Other House Ag Committee members who voted against the measure included Don Bacon of Nebraska, Lori Chavez-Deremer of Oregon, Monica de la Cruz of Texas, Brad Finstad of Minnesota, Max Miller of Ohio, Marc Molinaro of New York, Zach Nunn of Iowa and Derrick Van Orden of Wisconsin. 

Four of the nine Republicans on the House Appropriations subcommittee that originally wrote the bill also abandoned the measure Thursday night: Ashley Hinson of Iowa, John Moolenaar of Michigan, Dan Newhouse of Washington, and David Valadao of California. 

Other rural Republicans who opposed the bill included Michelle Fischbach of Minnesota and Mariannette Miller-Meeks of Iowa.

The bill includes new restrictions on Agriculture Secretary Tom Vilsack's ability to use the Commodity Credit Corporation account. 

During debate on the bill this week, the chairman of the House Agriculture Appropriations Subcommittee, Andy Harris, R-Md., said that Vilsack's plan to spend $2.5 billion from the CCC for trade promotion and food aid purchases further justified the restrictions on the CCC. 
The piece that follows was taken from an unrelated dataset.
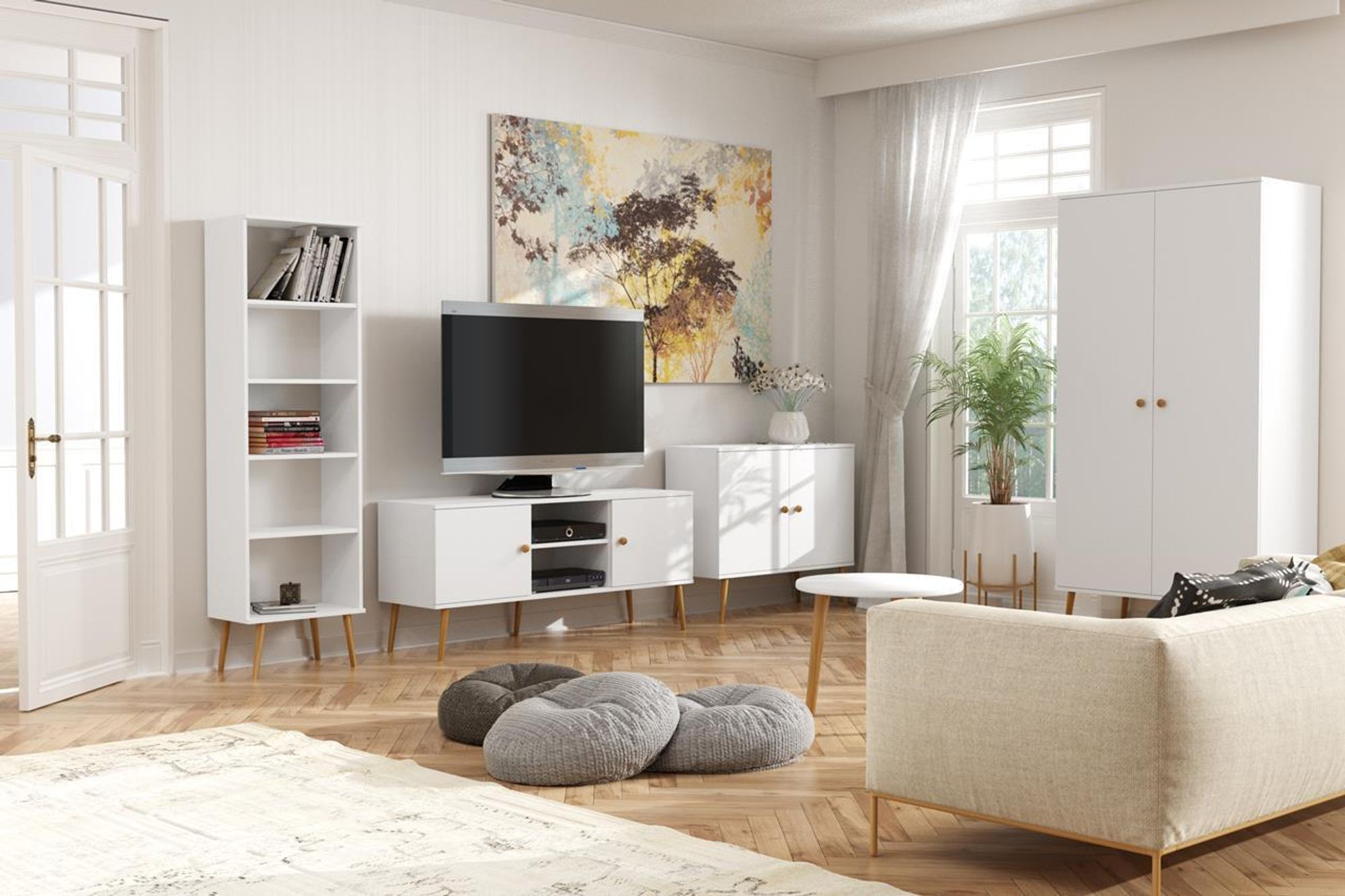 BETTSO Couchtisch Kaffeetisch Wohnzimmertisch runder Tisch auf drei Holzbeinen Beistelltisch für das Wohnzimmer 60 x 49 cm IKON Weiß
"This bill will put an end to the habitual abuse of the CCC," Harris said. 

He said the $1.2 billion cut to Food for Peace was intended to offset the $1.1 billion in CCC purchases of food aid that Vilsack plans. 

The Women, Infants and Children nutrition assistance program was exempted from the 14% across-the-board cut, but the bill had already frozen the program at the FY23 level and reversed a bonus benefit for purchasing fruits and vegetables. 

Harris argued that the size of the government's budget deficits made it imperative for Congress to reduce spending. 

"This bill takes the same approach American families take every day. They simply have to do more with less under the Biden economy," he said. "American families decide every single day where to cut back spending to pay for what's most important for them." 

The top Democrat on the House Appropriations, Rosa DeLauro of Connecticut, said in a statement that the “disastrous Agriculture bill failed with strong bipartisan opposition. Republicans claim to be the party that supports rural communities, but they targeted them with some of their deepest cuts and attacked women’s health.”